====== Task material ======

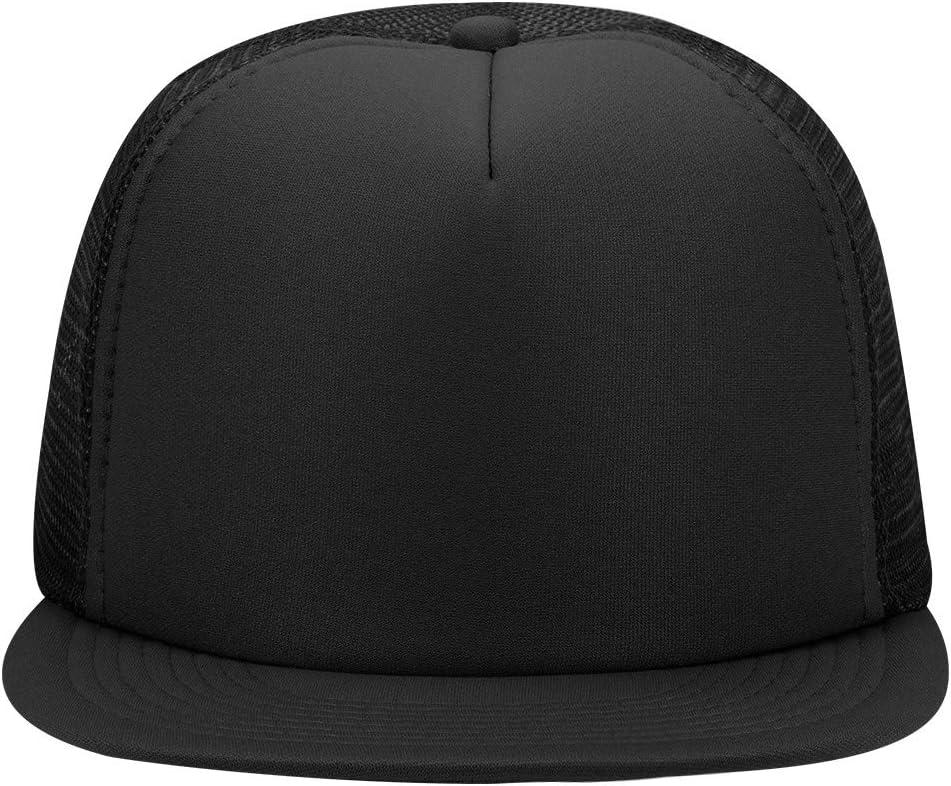 OTTO SNAP Round Flat Visor High Crown Mesh Back 5 Panel Trucker Snapback (One Size, Black)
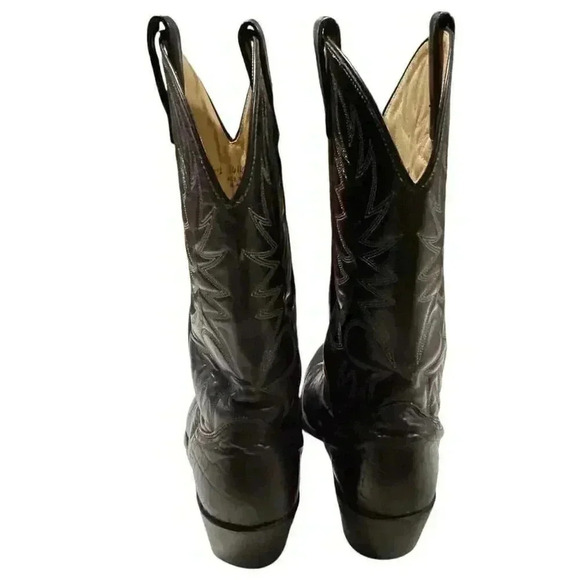 Custom Leather Western Cowboy Boots Men 10 D Black Embroidered Classic Vintage main image 4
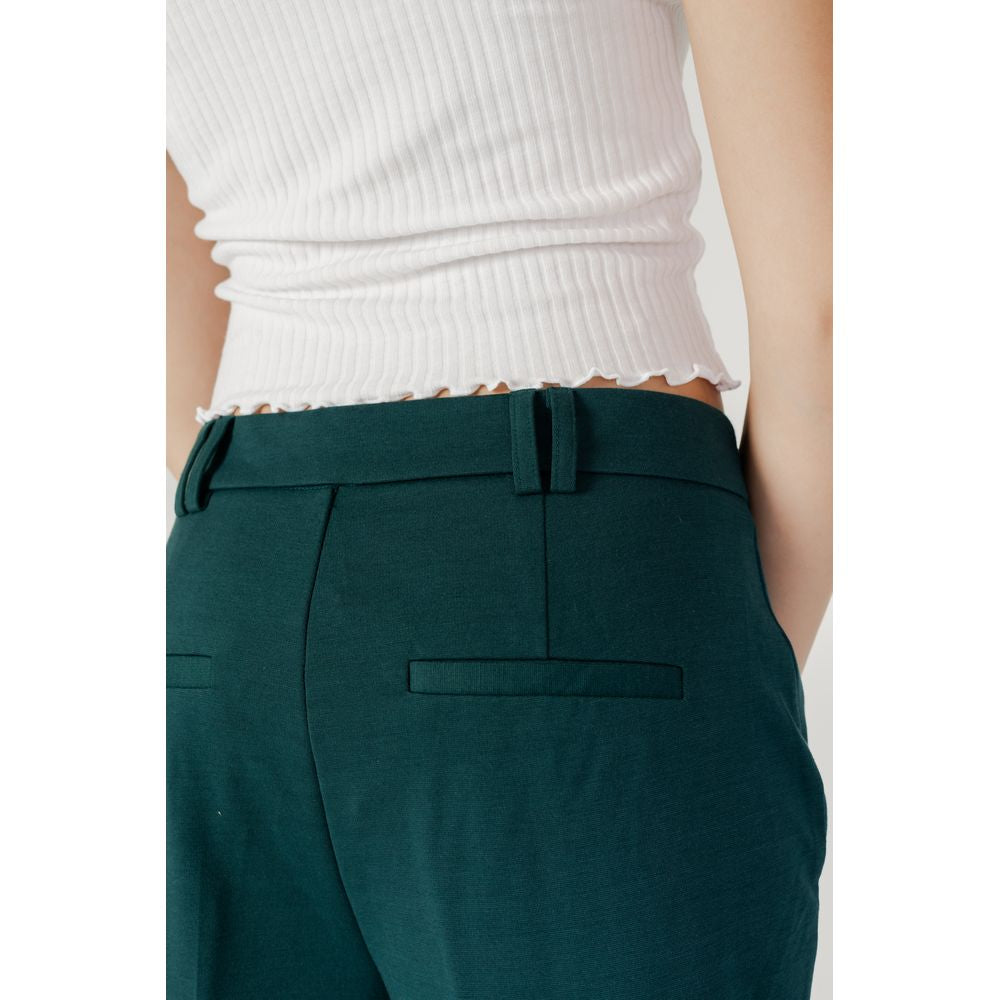 Green Polyester Jeans & Pant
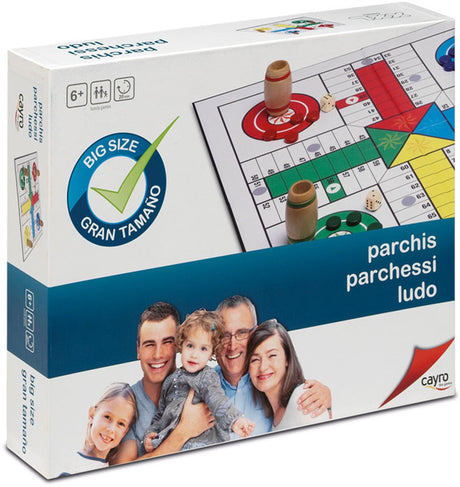 Cayro parchis xxl - klassiek bordspel op extra groot formaat - speelbord 50x50 cm - 16 grote houten fiches, 4 dobbelbekers en 4 dobbelstenen - ideaal voor kinderen en ouderen - 2-4 spelers - vanaf 6 jaar - collection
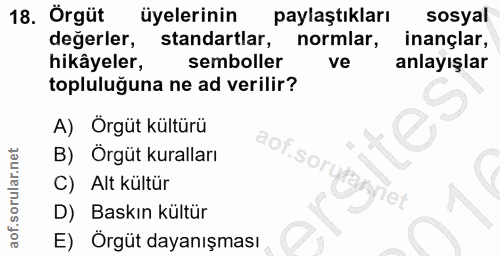 18. soru: Örgüt üyelerinin paylaştıkları sosyal değerler, standartlar, normlar, inançlar, hikâyeler, semboller ve anlayışlar to…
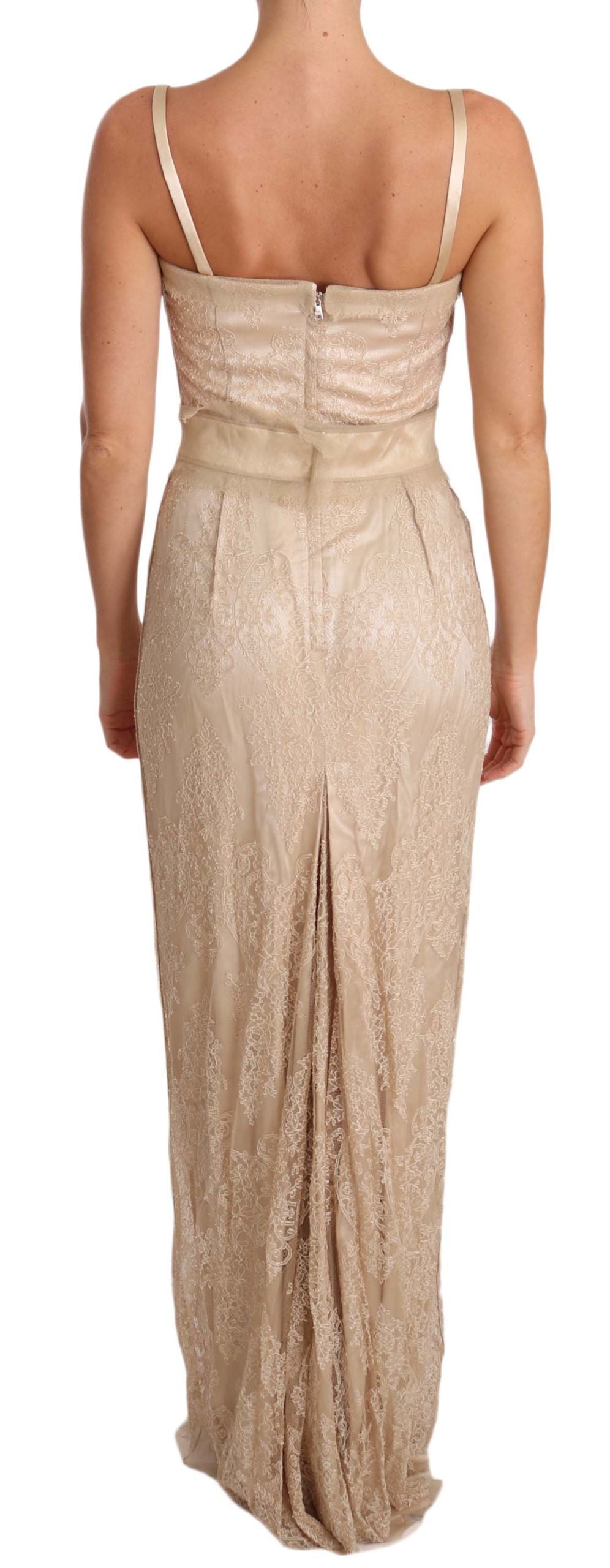 Dolce & Gabbana Beige Lace Spaghetti Strap Sheath Women's Dress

======

Task description -
Leave out every picture, and repeat word for word only the lines from the one holding "18. soru: Örgüt" through the end of the entries above, both ends included.

Output of the task -
 18. soru: Örgüt üyelerinin paylaştıkları sosyal değerler, standartlar, normlar, inançlar, hikâyeler, semboller ve anlayışlar to…
 Dolce & Gabbana Beige Lace Spaghetti Strap Sheath Women's Dress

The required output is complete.